Camping in a gravel parking lot is not much of a vacationary experience, so we got up early and headed east.
We blew through Las Vegas (getting gas next to Dean Martin Blvd.) to go straight to Hoover Dam. First, we stopped in Boulder City to visit a museum documenting the building of the dam. It was more informative than anything at the dam itself.
It was my first visit to this area since I was six years old. Our family made a trip though all the southwestern parks in 1966, so it was fun comparing my black-and-white memories with the present.
The tragic events of 9/11 got the government worried about dam security. As a result many dams have been blockaded to automobile traffic—including Boca Reservoir near our house. (As if any terrorist would want to flood the Truckee River.)

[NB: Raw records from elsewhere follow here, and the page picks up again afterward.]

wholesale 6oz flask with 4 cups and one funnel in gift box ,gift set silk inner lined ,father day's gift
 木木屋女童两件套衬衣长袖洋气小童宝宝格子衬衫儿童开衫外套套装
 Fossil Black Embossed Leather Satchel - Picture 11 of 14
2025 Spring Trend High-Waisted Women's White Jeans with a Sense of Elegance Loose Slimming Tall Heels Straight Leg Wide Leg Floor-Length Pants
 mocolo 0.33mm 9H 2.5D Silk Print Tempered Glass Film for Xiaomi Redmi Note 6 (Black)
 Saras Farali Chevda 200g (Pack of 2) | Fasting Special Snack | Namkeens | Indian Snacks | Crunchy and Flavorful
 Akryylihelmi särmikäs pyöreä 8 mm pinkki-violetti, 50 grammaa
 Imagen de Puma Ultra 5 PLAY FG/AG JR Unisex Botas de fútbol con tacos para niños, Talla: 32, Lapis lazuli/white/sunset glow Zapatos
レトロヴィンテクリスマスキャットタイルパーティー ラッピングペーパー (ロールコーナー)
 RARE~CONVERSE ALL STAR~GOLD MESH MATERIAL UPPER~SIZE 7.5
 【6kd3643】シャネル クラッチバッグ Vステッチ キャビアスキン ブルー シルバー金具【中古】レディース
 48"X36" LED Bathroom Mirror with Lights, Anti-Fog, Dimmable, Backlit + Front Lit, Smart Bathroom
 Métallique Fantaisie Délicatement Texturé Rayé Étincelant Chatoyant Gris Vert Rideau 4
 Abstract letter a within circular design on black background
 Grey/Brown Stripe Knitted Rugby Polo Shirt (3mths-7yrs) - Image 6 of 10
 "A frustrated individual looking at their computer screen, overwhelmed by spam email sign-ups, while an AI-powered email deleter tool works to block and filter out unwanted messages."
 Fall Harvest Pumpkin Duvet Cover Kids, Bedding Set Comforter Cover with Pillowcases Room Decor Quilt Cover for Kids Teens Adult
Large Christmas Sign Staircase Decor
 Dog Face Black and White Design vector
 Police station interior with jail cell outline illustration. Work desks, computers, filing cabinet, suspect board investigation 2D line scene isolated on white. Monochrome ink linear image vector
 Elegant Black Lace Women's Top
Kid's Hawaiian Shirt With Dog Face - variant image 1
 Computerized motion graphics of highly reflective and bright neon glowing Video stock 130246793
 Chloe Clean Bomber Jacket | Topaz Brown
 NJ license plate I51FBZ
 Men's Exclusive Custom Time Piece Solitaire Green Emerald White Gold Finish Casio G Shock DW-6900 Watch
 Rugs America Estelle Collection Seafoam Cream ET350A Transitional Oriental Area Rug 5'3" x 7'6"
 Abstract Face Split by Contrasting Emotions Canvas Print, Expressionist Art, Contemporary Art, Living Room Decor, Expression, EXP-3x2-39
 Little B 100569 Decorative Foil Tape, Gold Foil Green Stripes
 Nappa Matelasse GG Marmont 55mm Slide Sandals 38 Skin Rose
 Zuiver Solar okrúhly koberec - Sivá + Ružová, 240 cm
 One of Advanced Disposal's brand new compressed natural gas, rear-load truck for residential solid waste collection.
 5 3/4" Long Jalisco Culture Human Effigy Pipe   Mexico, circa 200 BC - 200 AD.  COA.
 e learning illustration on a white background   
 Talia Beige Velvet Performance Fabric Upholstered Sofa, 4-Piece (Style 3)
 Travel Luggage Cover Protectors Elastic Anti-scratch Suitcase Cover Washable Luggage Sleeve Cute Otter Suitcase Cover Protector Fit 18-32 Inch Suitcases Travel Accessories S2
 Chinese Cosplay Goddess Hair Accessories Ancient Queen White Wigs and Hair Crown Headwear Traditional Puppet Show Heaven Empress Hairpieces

Hoover gets too much use to close the highway, so a new four-lane bridge is being built about 500 feet downstream. It’s a huge project, and until it is completed Hoover remains open to traffic.
We took the $11, 45-minute tour and spent most of it trying to determine which country our tour guide was from. Latvia? Albania? The Duchy of Grand Fenwick? His accent was undecipherable.
I understood about 20% of the tour spiel: something something what? TURBINES something something huh? something DIAMETER something huh? pardon? something CONCRETE something something didn’t-get-that something what? etc.
In other words, the Hoover Dam tour is not much of a tour. They should at least have snorkel rides through the spillways.
We got out of that dam place and found a picnic spot on Lake Mead to have dinner.
We then drove for hours looking for a campsite to spend the night, but we were dissomnabulated to find that a lot of campgrounds—especially state campgrounds—are closed by late October.
Eventually, we got tired of driving around strange roads in the dark and just drove on to Zion Park, getting in near midnight.